La jeune fille aux cheveux teints en bleu a vaticiné toute l’après-midi affichant un sourire euphorique. Elle n’avait plus l’air d’appartenir à ce monde et semblait se préparer à s’aventurer dans un tout nouveau qu’elle décrivait sans retenue et avec engouement. Sa grand-mère au visage naturellement froissé par les années qui soulignaient son âge avancé l’écoutait les yeux grands ouverts, la main posée sur le cœur comme si elle appréhendait qu’il s’arrête de battre. Je percevais dans son regard une inquiétude incontournable que sa petite-fille ne ressentait point puisqu’elle ne prenait même pas le temps de souffler, frétillant au rythme de ses gesticulations incontrôlables qui aiguillaient son monologue. Elle était heureuse, elle jubilait au point de frôler publiquement une "petite mort" subite!

– Il me transperce, mamie, juste à travers l’écran, tu t’imagines?! C’est comme s’il avait toujours fait partie de ma vie! On s’est promis de se rencontrer prochainement, le temps qu’il trouve un billet de voyage Thaïlande-Paris.
Cela fait quelques mois que nous nous parlons nuit et jour et, à chaque appel, des papillons fourmillent dans mon bas-ventre sans disparaître. L’idée du face à face me surexcite!

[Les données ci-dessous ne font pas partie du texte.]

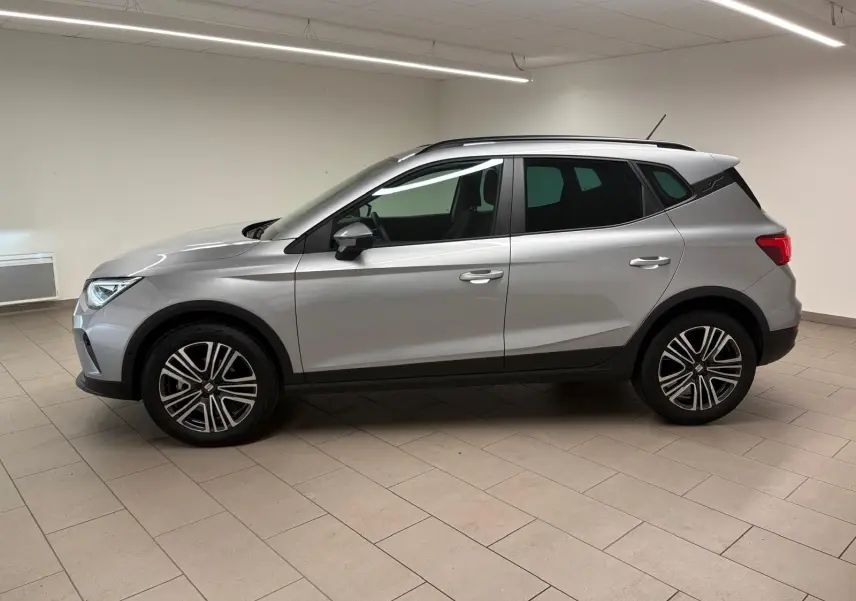 SEAT Arona 2024 gris urbain en vue profil côté gauche, avec vitres arrière surteintées et jantes alliage.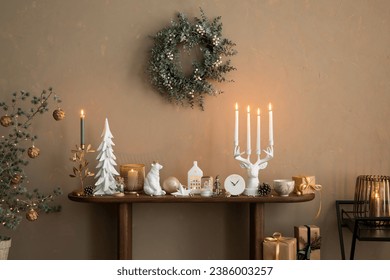 Elegant composition of christmas living room interior with wooden console, stylish wreath, deer candlestick with candle, clock, christmas tree, gifts and personal accessories. Home decor. Template.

Bernard, qui venait vers elles arborant son plus grand sourire, se dandinant comme un paon, tout fier de sa nouvelle coupe, faillit renverser le café: l’excitation de la jeune demoiselle l’avait instantanément fait chavirer! Cette scène regroupant trois générations – la grand-mère, Bernard et la jeune fille – m’amusait. Je compatissais surtout avec cette vieille dame hébétée qui semblait implorer les dieux de la transformer en statue de sel afin de ne plus écouter les propos délirants de sa petite-fille. De son temps, les rencontres étaient plus ou moins organisées par les parents ou par les amis proches.

Depuis que Zuckerberg a fondé le réseau social Facebook, le monde a changé à pas de géant: plus les années s’écoulent, plus l’intimité se dépouille de son sens et de sa valeur. Depuis vingt ans ou presque, toutes les fenêtres s’ouvrent et ne laissent plus aucune place aux persiennes entrouvertes qui séparent le monde intérieur du monde extérieur; persiennes qui, de par leurs formes et leurs couleurs, attisent la curiosité des passants et leur donnent l’envie de jeter d’abord un coup d’oeil, puis de se rapprocher un peu plus pour regarder de plus près, tourner autour longtemps et finir par fantasmer et rêver. Nous vivons à l’ère de la rapidité dans laquelle toutes les étapes à prendre pour pénétrer à petits pas l’univers d’autrui sont radiées, où l’hymen est déchiré par une seule touche de clavier, où le fantasme à peine né est déjà consommé.

Cependant, ces relations amoureuses cousues de fil blanc qui démarrent à travers un petit écran peuvent être dangereuses ou décevantes. Mais dévalant l’axe du temps qui ne ressemble plus en rien au nôtre, les jeunes de "la génération de l’écran" se ruent pour ouvrir la boîte de Pandore qui les émoustille bien plus qu’elle ne les effraie.

Prennent-ils le temps de se demander un instant si ça sera du lard ou du cochon? Pourvu que l’orgasme cérébral existe… puis persiste, même le temps d’une rose. Les risques, ils s’en tapent, et les périls encore plus. Pour eux, le moment présent est roi et l’excitation jubilatoire est reine.